Why Television Has Lost to the Internet

Why Television Has Lost to the Internet

Once upon a time, professionals made television programs and amateurs made home video.

The only time you'd see amateur content on TV was in the form of dreary-looking clips of people falling over on You've Been Framed or some shaky handycam footage of a daring pet rescue filmed by the neighbor and tacked onto the end of the local evening news.

Then along came a website called YouTube which, for a while, seemed to be the perfect platform for all the hilarious slipping idiot and heart-warming-cat-up-a-tree videos the world had to offer; leaving television to the professionals.

Except, as technology got better and more accessible, it became easier and easier for non-professionals to make and share their videos and, at the same time, YouTube had become so popular that even Chinese State Television envied the viewing figures.

Meanwhile, with ever-increasing competition and shrinking budgets, it was becoming harder and harder for anyone with a healthy dollop of originality to make television.

All of which meant that creative types with a good idea, who before would have had no choice but to climb the laborious TV production ladder, now had a viable alternative to a system which was more or less closed to them anyway and seemed to collectively breathe a sigh of "well bollocks to it".

Before long, the internet was filled with brilliant videos, documentaries, animations and short films innovatively showcasing the talents of their non-professional creators the world over. And TV land was left scratching its head wondering what to do next.

To their credit, some professionals raised their game and produced some inspiring television. Others scrambled to tap into this new online potential, even creating brand new TV channels to encourage it. But, alas, the damage was already done.

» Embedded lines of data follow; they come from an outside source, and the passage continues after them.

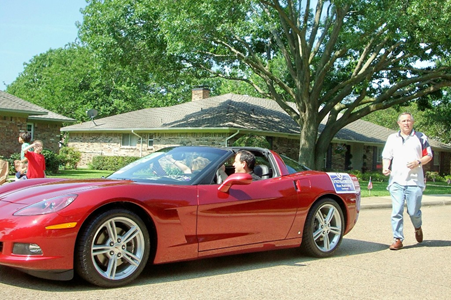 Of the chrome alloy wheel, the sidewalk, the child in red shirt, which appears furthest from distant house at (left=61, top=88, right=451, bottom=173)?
the chrome alloy wheel

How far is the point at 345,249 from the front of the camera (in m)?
7.42

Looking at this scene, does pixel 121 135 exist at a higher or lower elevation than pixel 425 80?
lower

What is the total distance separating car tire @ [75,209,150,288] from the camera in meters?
4.53

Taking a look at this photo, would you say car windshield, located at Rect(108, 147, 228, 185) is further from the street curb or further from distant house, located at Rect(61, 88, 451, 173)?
distant house, located at Rect(61, 88, 451, 173)

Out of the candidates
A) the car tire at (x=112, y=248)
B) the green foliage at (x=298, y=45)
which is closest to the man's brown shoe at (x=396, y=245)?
the car tire at (x=112, y=248)

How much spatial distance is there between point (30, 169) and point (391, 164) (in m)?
5.91

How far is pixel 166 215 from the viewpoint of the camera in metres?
5.03

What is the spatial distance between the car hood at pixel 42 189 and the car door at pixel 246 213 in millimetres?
869

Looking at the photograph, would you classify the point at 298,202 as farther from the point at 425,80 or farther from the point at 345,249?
the point at 425,80

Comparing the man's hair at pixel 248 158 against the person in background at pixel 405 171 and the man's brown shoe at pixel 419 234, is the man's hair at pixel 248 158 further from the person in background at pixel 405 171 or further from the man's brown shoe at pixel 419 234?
the man's brown shoe at pixel 419 234

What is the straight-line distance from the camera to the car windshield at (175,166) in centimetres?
562

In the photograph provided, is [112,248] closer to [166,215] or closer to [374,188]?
[166,215]

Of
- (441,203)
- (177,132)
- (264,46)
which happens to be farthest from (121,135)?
(441,203)

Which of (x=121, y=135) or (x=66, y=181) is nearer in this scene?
(x=66, y=181) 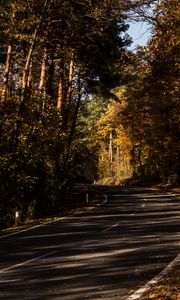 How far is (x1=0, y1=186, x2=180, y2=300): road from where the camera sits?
30.9 feet

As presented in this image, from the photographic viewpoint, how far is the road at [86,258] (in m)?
9.41

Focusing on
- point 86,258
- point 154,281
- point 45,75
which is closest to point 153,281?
point 154,281

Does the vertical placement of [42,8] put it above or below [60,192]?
above

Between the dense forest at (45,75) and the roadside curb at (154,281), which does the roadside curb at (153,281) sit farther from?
the dense forest at (45,75)

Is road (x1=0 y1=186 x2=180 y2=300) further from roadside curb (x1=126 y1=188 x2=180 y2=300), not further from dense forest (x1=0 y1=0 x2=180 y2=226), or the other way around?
dense forest (x1=0 y1=0 x2=180 y2=226)

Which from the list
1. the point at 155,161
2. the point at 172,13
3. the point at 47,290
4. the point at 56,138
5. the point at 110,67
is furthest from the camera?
the point at 155,161

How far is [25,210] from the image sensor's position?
91.9ft

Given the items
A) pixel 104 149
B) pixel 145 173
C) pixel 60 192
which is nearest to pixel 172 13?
pixel 60 192

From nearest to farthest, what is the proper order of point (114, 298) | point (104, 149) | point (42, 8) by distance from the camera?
point (114, 298)
point (42, 8)
point (104, 149)

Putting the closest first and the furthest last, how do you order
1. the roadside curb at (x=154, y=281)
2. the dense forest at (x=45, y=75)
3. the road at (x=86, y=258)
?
the roadside curb at (x=154, y=281) → the road at (x=86, y=258) → the dense forest at (x=45, y=75)

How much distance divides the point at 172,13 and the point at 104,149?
97.5 metres

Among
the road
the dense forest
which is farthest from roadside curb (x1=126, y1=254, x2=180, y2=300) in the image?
the dense forest

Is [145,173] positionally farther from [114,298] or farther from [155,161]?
[114,298]

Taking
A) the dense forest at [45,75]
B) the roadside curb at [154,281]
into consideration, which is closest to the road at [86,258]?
the roadside curb at [154,281] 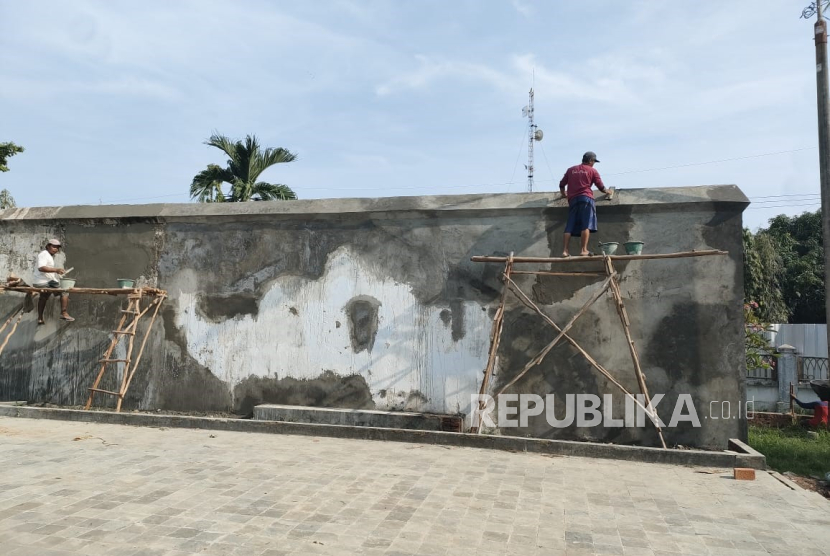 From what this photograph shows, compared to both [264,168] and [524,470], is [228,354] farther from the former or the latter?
[264,168]

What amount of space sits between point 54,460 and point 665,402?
649cm

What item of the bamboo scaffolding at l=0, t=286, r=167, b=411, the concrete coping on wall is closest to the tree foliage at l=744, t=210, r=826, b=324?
the concrete coping on wall

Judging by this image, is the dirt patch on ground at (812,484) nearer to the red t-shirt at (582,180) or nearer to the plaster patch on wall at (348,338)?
the plaster patch on wall at (348,338)

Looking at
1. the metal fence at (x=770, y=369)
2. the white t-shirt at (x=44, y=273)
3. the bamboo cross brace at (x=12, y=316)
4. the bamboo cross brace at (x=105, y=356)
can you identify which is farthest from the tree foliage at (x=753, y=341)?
the bamboo cross brace at (x=12, y=316)

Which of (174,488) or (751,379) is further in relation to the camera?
(751,379)

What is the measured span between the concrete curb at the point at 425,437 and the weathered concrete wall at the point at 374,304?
25.7 inches

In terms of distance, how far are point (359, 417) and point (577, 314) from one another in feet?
9.62

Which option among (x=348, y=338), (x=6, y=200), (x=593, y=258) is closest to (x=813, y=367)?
(x=593, y=258)

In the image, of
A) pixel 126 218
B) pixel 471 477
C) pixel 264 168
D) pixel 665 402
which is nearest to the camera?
pixel 471 477

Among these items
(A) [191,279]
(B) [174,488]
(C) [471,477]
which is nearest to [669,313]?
(C) [471,477]

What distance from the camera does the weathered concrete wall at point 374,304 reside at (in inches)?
284

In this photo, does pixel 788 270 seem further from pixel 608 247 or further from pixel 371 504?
pixel 371 504

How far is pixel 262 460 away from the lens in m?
5.92

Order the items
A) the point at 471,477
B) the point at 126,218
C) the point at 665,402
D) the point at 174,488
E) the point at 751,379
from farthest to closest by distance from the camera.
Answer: the point at 751,379, the point at 126,218, the point at 665,402, the point at 471,477, the point at 174,488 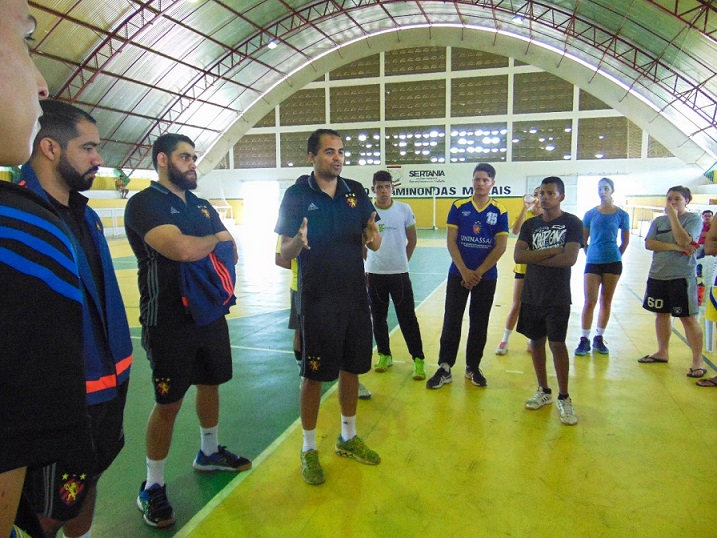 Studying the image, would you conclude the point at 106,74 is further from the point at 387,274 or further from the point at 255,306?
the point at 387,274

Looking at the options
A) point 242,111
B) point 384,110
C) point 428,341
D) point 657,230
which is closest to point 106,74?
point 242,111

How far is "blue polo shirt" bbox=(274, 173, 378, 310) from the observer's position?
2.91m

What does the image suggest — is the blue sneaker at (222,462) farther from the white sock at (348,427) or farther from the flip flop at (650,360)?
the flip flop at (650,360)

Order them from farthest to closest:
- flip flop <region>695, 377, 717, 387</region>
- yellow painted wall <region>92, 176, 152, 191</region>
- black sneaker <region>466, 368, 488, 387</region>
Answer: yellow painted wall <region>92, 176, 152, 191</region> → black sneaker <region>466, 368, 488, 387</region> → flip flop <region>695, 377, 717, 387</region>

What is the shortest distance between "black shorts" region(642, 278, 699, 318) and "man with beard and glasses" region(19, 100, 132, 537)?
4858 millimetres

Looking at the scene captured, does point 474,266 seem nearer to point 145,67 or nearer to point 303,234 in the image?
point 303,234

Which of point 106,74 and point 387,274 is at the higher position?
point 106,74

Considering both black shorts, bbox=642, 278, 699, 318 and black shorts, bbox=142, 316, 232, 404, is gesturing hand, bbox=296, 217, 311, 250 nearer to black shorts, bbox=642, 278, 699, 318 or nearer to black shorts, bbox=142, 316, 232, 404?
black shorts, bbox=142, 316, 232, 404

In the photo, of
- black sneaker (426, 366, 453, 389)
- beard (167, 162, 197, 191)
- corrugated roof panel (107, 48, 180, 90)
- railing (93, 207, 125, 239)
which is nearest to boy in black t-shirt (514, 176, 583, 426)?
black sneaker (426, 366, 453, 389)

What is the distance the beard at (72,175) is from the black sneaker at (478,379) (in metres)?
3.62

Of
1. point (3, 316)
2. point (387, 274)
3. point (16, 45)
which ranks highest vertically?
point (16, 45)

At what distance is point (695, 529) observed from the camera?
2430mm

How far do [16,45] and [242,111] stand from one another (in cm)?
2779

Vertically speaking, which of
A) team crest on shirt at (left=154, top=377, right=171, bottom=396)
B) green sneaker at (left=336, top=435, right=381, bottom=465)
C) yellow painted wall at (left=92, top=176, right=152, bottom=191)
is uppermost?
yellow painted wall at (left=92, top=176, right=152, bottom=191)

With a generation of influential viewers and would-be content makers lost to the internet, television soon followed suit. But suffering from a massive creative hemorrhage, the only thing it could come up with was a bunch of list shows with countdowns of the rudest, weirdest or dupstep-iest viral videos as seen on the internet.

Today, there is so much amateur content on television it makes You've Been Framed seem positively ground-breaking. With programs like Rude Tube (which usually feature some squeaky ex-T4 presenter who makes you want to bite off their fingers and punch them in the face until they actually begin to resemble Jeremy Beadle) making a quick buck off the huge pool of original user-generated content, which would never have been commissioned for TV in the first place for fear it would be too rude, weird or dubstep-y.

Now, it seems that the only way to be able to make a truly innovative TV show in the UK is to write clever satirical comments about TV shows from the safety of your own website until such time as you're given a TV show to make the same clever satirical comments about TV shows, which becomes so popular that you're given another TV show in which you make a clever satirical comment about the way in which making clever satirical comments is the way to be able to make a truly innovative TV show.

All the while highlighting that, by the very same process, you've become the thing about which you started making clever satirical comments.

And if you read all that in Charlie Brooker's voice it becomes even more meta.

And if you do that whilst watching Black Mirror you implode into a scathing critique of white noise.

Now that would be a YouTube video worth watching.